Time protection: the missing OS abstraction

[+] niftich|7 years ago|reply

This post lifts out the key parts of the paper [1] and is a good summary. I think the paper is an accessible read as well.

Not too much discussion two weeks ago when the paper was posted on HN [2], so I will raise a point I've made before [3][4][5] and is consistent with the recommendations of the paper (and another post in this thread [6]): this is an opportunity to improve the terminology, mental models, and formalisms of observable state, and its implications for information hiding, privilege separation, and computer system design.

This conversation needs not only to occur among (e.g.) computer chip designers and cryptography experts, but also among higher-stack users of that technology, so that the information leakage aspects and trade-offs can be analyzed together with other performance indicators of the system.

It seems as if the haphazard, ad hoc way that chipmakers and system architects dealt with this issue have contributed to an environment where Spectre could occur: and such timing attacks were never a secret, but resistance to them in various levels of mainstream computing appears to have been fitted in a patchwork of hasty fixes and well-meaning but informal caution. The conversation around this topic could use an upgrade, and the paper's authors agree.
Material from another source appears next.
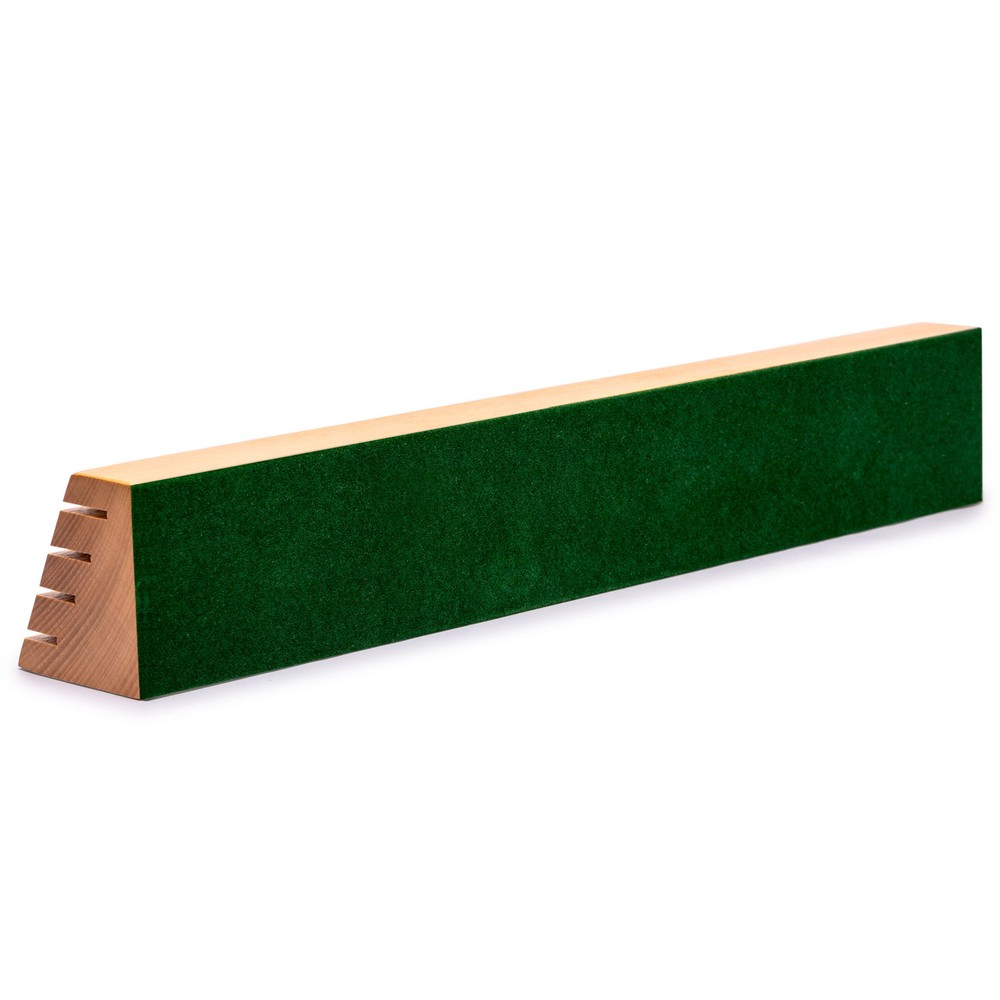 Extra-Wide Solid Beechwood Playing Card Holders - Set of 2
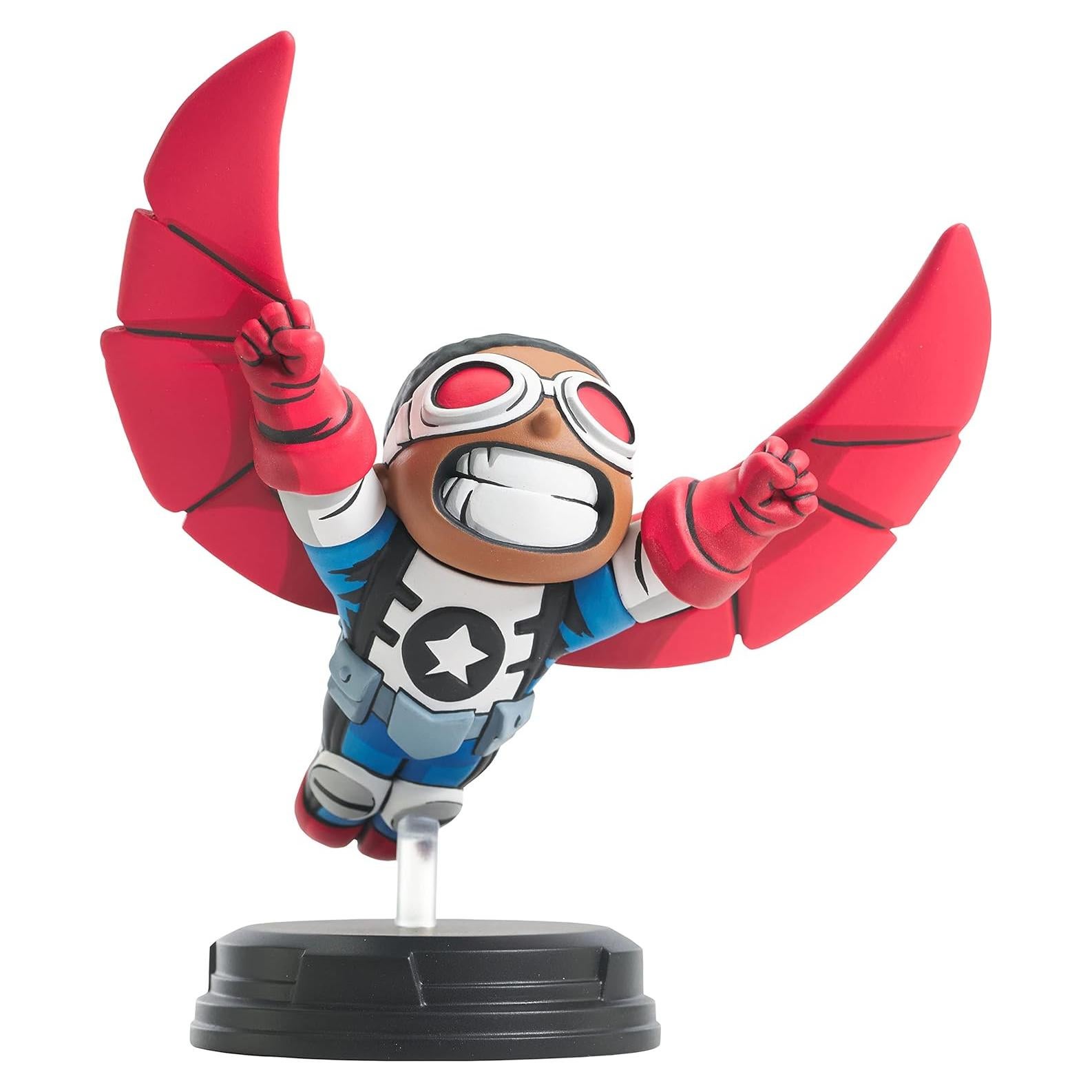 Estatua The Falcon Marvel Diamond Select 12.7 cm Multicolor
[1] https://ts.data61.csiro.au/publications/csiroabstracts/Ge_YC... [2] https://news.ycombinator.com/item?id=19547293 [3] https://news.ycombinator.com/item?id=17308014 [4] https://news.ycombinator.com/item?id=16165942 [5] https://news.ycombinator.com/item?id=19644997 [6] https://news.ycombinator.com/item?id=19670296

[+] ccvannorman|7 years ago|reply

You might even say there's room for a startup to reinvent computers (and operating systems) from the ground up.

Would you?

[+] akersten|7 years ago|reply

It saddens me that we're collectively going to spend a lot of effort trying to patch out a problem that we've imposed upon ourselves. We were making such great progress in terms of processing speed until someone came along and decided that we need to have multiple tenants share the same hardware, and they should have no way of knowing anything about each other. The vast majority of consumer hardware will _never_[0] be exposed to this category of attack, but will pay the performance penalty regardless.

Fundamentally, the need is for a completely different model of computation to abstract away time-channel leaks. This cannot be fixed by patching existing software and hardware, and we're going to go through a lot of pain and anguish trying. As another comment points out, the well of possible timing attacks is infinitely deep (attached hardware, network performance measurements, etc.).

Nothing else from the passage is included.